Sadly, Madoff was not the only fraud ignored by the SEC. Allan Stanford ran a $7 billion Ponzi scheme. His 20,000 clients are still, years later, waiting to see how much they will recover. That delay did not stop the head of the SEC enforcement office in Dallas, which has oversight of Stanford, from leaving the SEC to represent Stanford. After a DOJ investigation, the SEC has reluctantly decided to bar said lawyer from appearing before the agency for a whole six months. So, apparently it’s not just current SEC employees that get a pass, but also former employees as well.
Were these just isolated incidents one might be tempted to overlook them.
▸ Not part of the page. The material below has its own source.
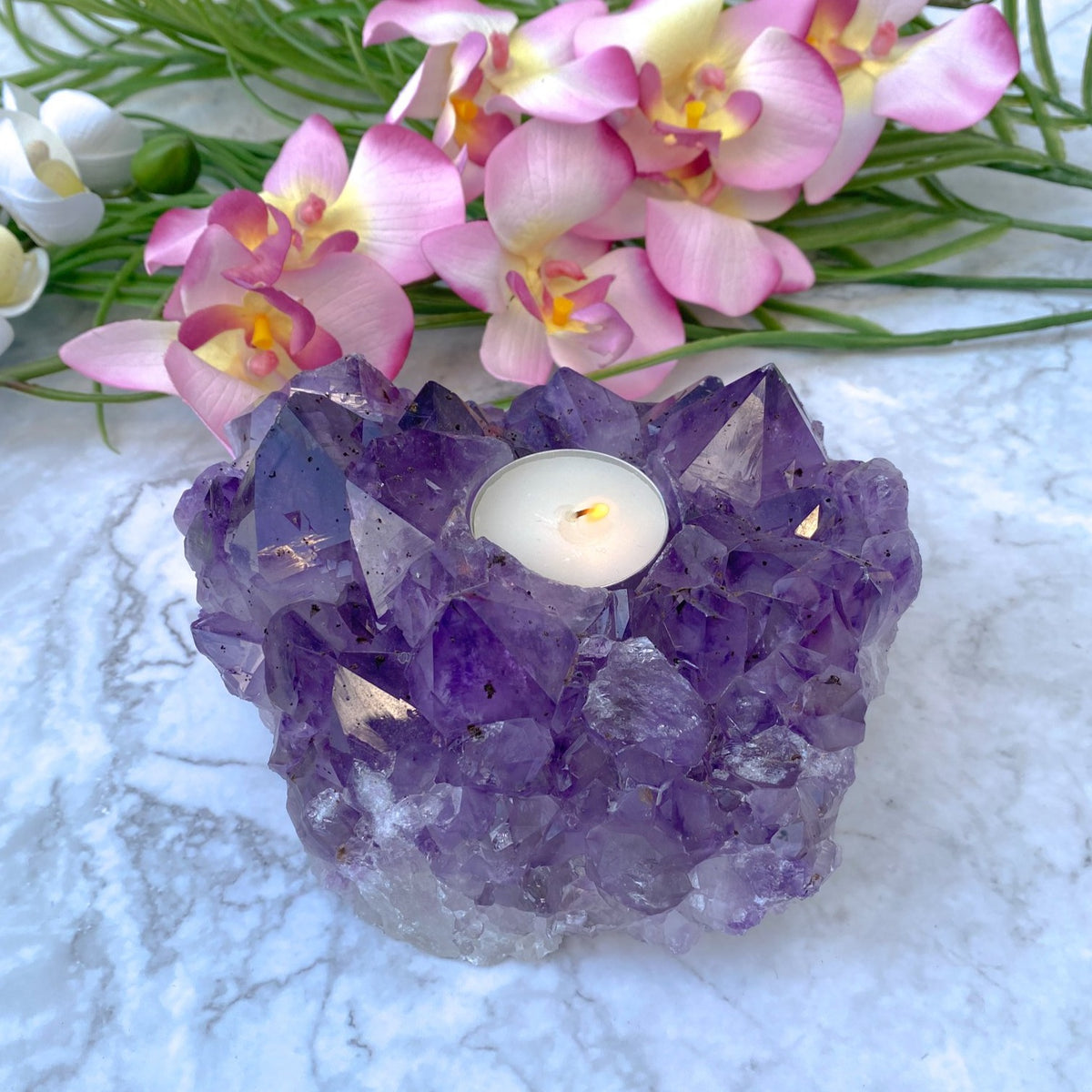 Amethyst Cluster Candle – Vibez.Love.Live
Even the viewing of pornography by SEC employees was more widespread than commonly believed. Between the years of 2005 and 2010, as the worst of the housing bubble was building, 33 SEC employees or contractors were found to have viewed pornography using taxpayer funded laptops and office computers. Many of these were highly paid employees. Seventeen of 33 made between $100,000 and $220,000 annually. A Senior Counsel (lawyer) in the SEC’s Enforcement Division was found with 775 pornographic images on his government computer. And contrary to the stereotypes, it wasn’t all men.
A female accountant received nearly 1,800 access denials for pornographic websites using her SEC laptop in only a two‐week period and had nearly 600 pornographic images on her laptop. Perhaps worst of all was a DC‐based attorney, who admitted accessing pornography and downloading images to his SEC computer during work hours so often that he sometimes spent eight hours a day accessing pornography. He downloaded so much to his government computer that he filled the hard drive and needed to move images to CDs or DVDs that he accumulated in boxes in his office. And yes, all while getting a six figure paycheck from the taxpayer.
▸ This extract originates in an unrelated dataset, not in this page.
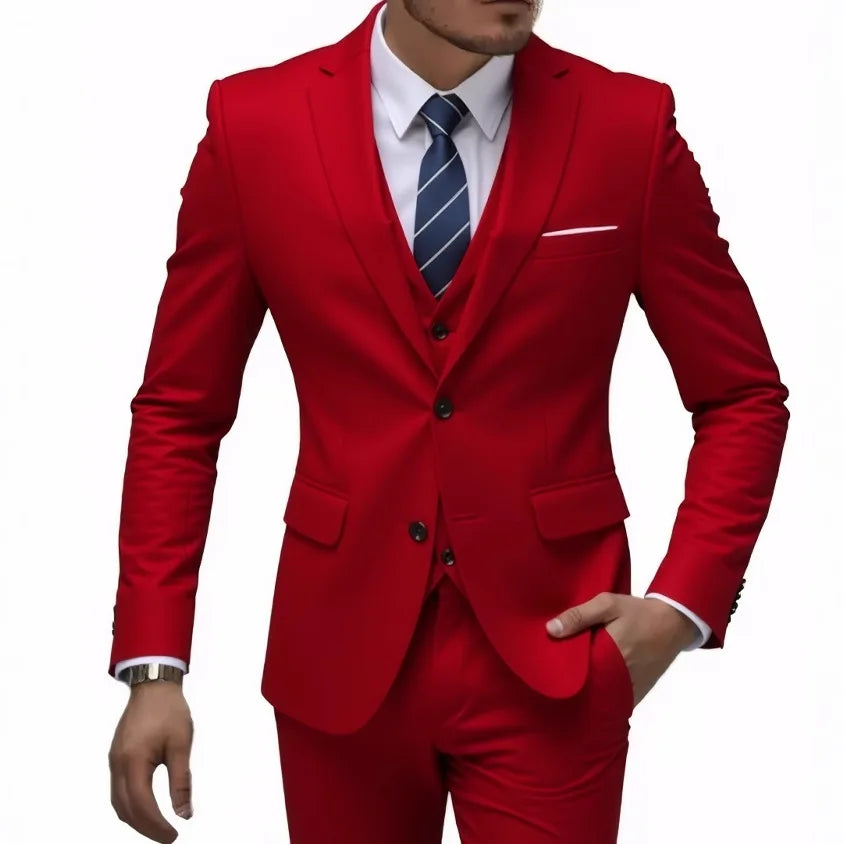 Men's casual 3-piece suit set with solid color blazers, trousers, and vest, featuring a two-button blazer and classic fit.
In the private sector any of these actions would be grounds for dismissal. One would be fired on the spot, with security escorting you from the building. In fact, a private sector employer wouldn’t even have the option of deciding if your benefits to the company were worth the time wasted on Internet porn. Such activity would generally be interpreted as creating a hostile work environment; with the result that any company that didn’t fire the employee in question would expose itself to litigation by other employees.
The government “solves” the problem of hostile work environment by letting the accused employee stay at home on indefinite paid level. So yes the agency’s other employees are spared the harassment, but at great expense to the taxpayer. In addition, a federal employee is “entitled” to at least 30 days written notice of any effort to terminate said employee. On top of that the employee gets another seven days minimum to submit documents and evidence in support of keeping their job. I am all in favor of appropriate due process, but the current procedures for firing incompetent federal employees allow the process to drag out indefinitely with one required bureaucratic obstacle after another. Having spent a year managing a federal office, where we did attempt to terminate at least one employee who regularly missed work, I can say you almost have to hire someone whose sole job is to do the firing.
This is just another example, in a long list, of why relying on the relatively weak incentives of government regulatory oversight is inferior to relying on the strong incentives contained in market participants having their own wealth on the line. But then for such incentives to be effective, we need to end bailouts and have real market discipline. Sadly we are currently stuck in the worst of both worlds: incompetent and unaccountable regulators coupled with a neutering of market discipline by these very same regulators. If we continue along this path we will guarantee another financial crisis and future self‐enrichment by government bureaucrats.